COPERA offers a range of services in epidemiology and pharmacoepidemiology, including: developing tractable questions, systematic literature reviews, clinical expert panels, primary data collection, and analysis of pre-existing data (clinical trial data, population registries, administrative health databases). We also offer epidemiological expertise in following areas:
Descriptive epidemiology: We provide capability in designing studies, and collecting and analysing data to characterize burden of illness, including the incidence, prevalence, morbidity and mortality, and natural history of disease.
Analytic epidemiology: We have extensive experience in designing and conducting pharmacoepidemiology studies – published in the reputable peer-reviewed journals – of disease etiology, risk factor distribution, and estimating unbiased measures of association between determinants and illness.
Characterizing treatment parameters: To support pharmacoeconomic analyses, we can provide descriptions of country-specific treatment pathways and local resource utilization to help frame the potential impacts of new treatments.
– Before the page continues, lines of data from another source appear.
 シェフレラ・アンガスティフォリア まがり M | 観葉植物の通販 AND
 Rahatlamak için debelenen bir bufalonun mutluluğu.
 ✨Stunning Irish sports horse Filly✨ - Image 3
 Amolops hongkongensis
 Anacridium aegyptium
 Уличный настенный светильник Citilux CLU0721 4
In addition to pharmacoeconomics, we have extensive experience in measuring treatment efficacy through the design and analysis of randomized and pragmatic trials, and effectiveness, through cohort and case-control studies, administrative datasets, and patient, treatment and disease registries.
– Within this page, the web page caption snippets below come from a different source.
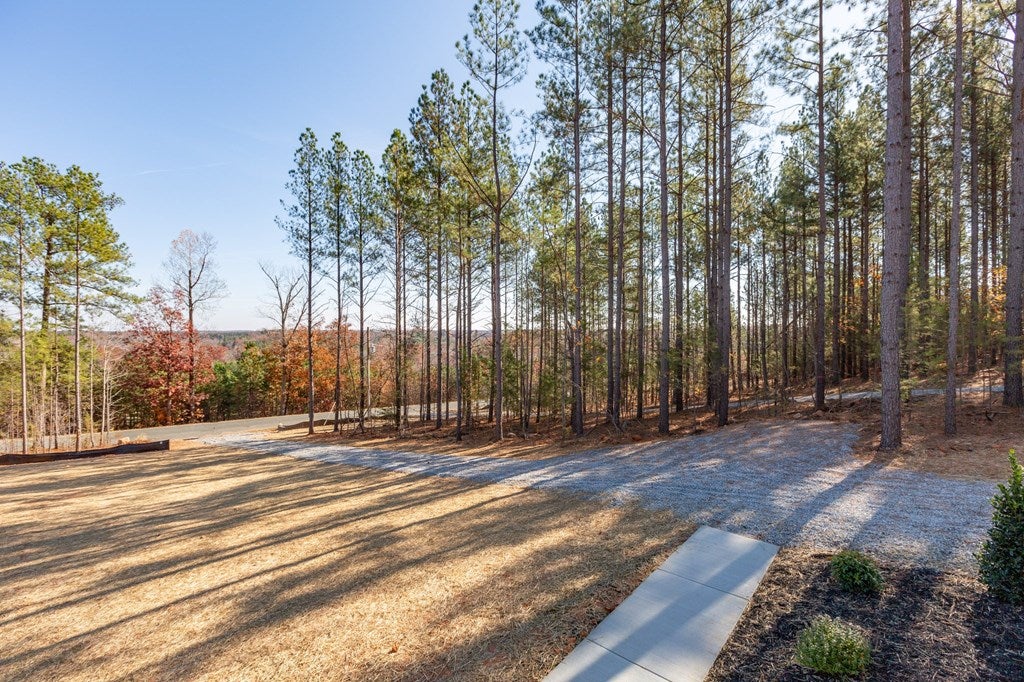 2297 Meherrin Road Meherrin, VA 23954 - Photo 32 of 59 Gallery Image 32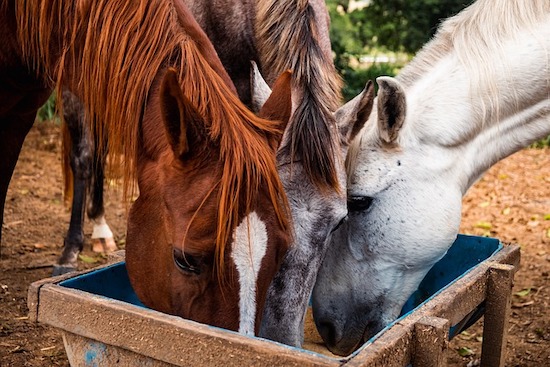 Horses feeding at a trough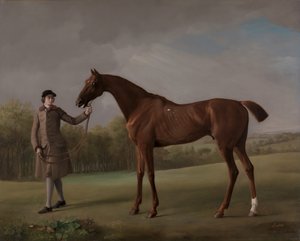 Lustre, holdt av en brudgom, ca. 1762. av George Stubbs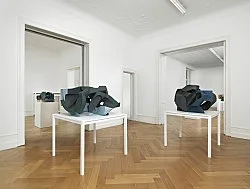Fecteau Berlin 2012 — Vincent Fecteau — Exhibitions — Galerie Buchholz — Image 59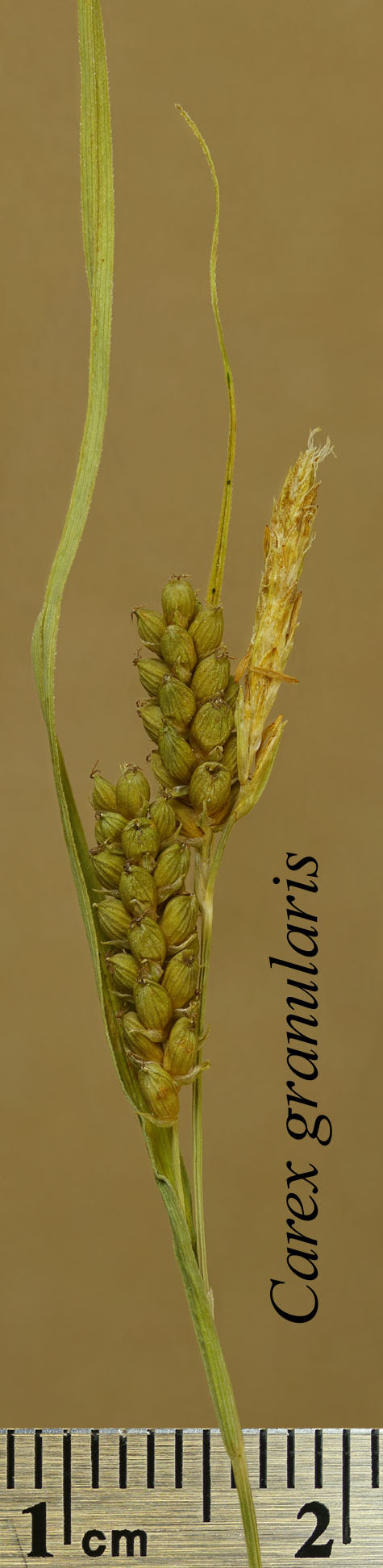 Inflorescence of Carex granularis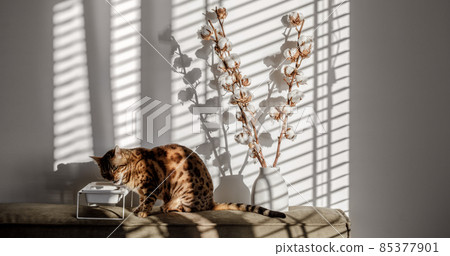 Branches of natural cotton in a white concrete vase and bengal cat eating from pet bowl next to it. Sunshine, hard shadow from shades. Floral, interior, nature concept. Branches of natural cotton in a white concrete vase and bengal cat eating from pet bowl next to it. Sunshine, hard shadow from shades. Floral, interior, nature concept. 85377901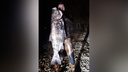 «Попал рыбе в лоб»: житель Самарской области поймал огромного толстолобика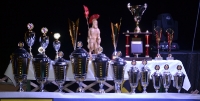 FireFighter-Cup 2015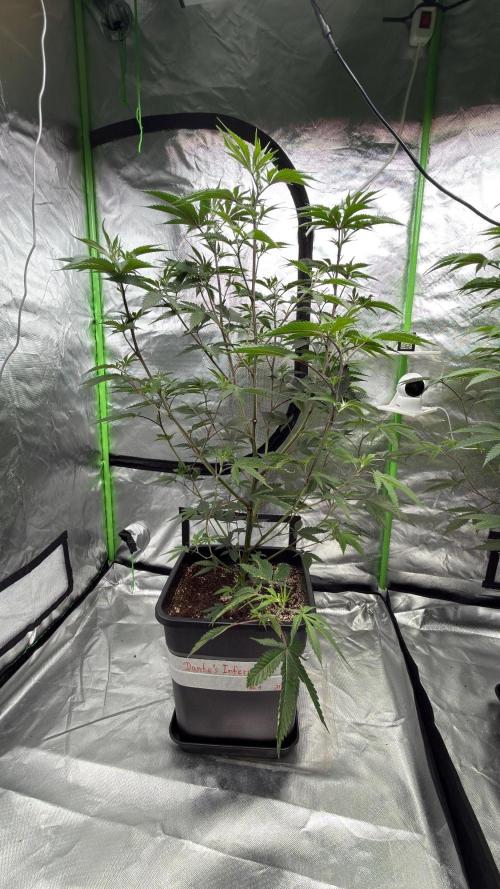 Breeder Cuts and Seeds #2. Week 9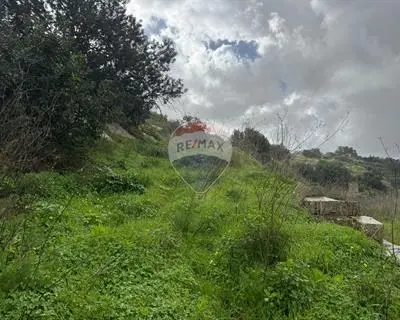 Agriculture Land for sale in Qormi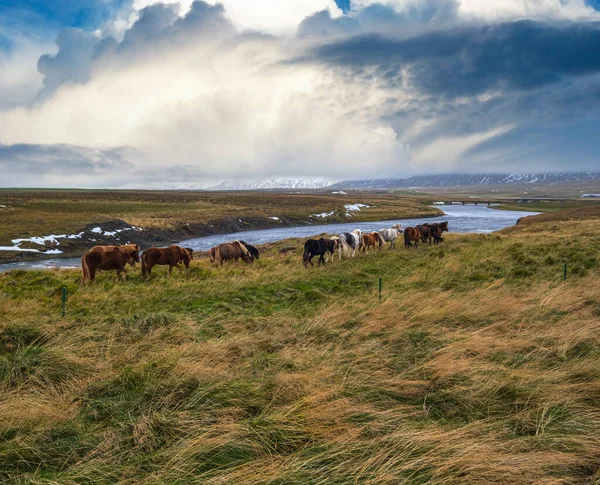 アイスランドの馬の群れは 西アイスランド Vatnsnes半島に放牧 アイスランドには1種の馬しか住んでいません 川の近くの無料の牧草地で美しく手入れの行き届いたアイスランドの馬 — ストック写真
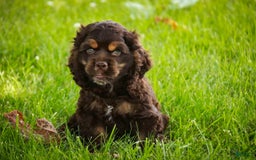 Cocker Spaniel dogs for sale: Dane - Image 7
Risk management: We have proven capacity in assessing risk, though the detection and measurement of medication errors or adverse drug events, measuring adherence including refill compliance, and through the development of risk-benefit decision-analytic models.
Modern statistics: We can offer statistical expertise and support for the implementation and interpretation of valuable statistical tools including: survival analysis, generalised estimating equations, instrumental variables, propensity scores, and imputation methods to handle missing data.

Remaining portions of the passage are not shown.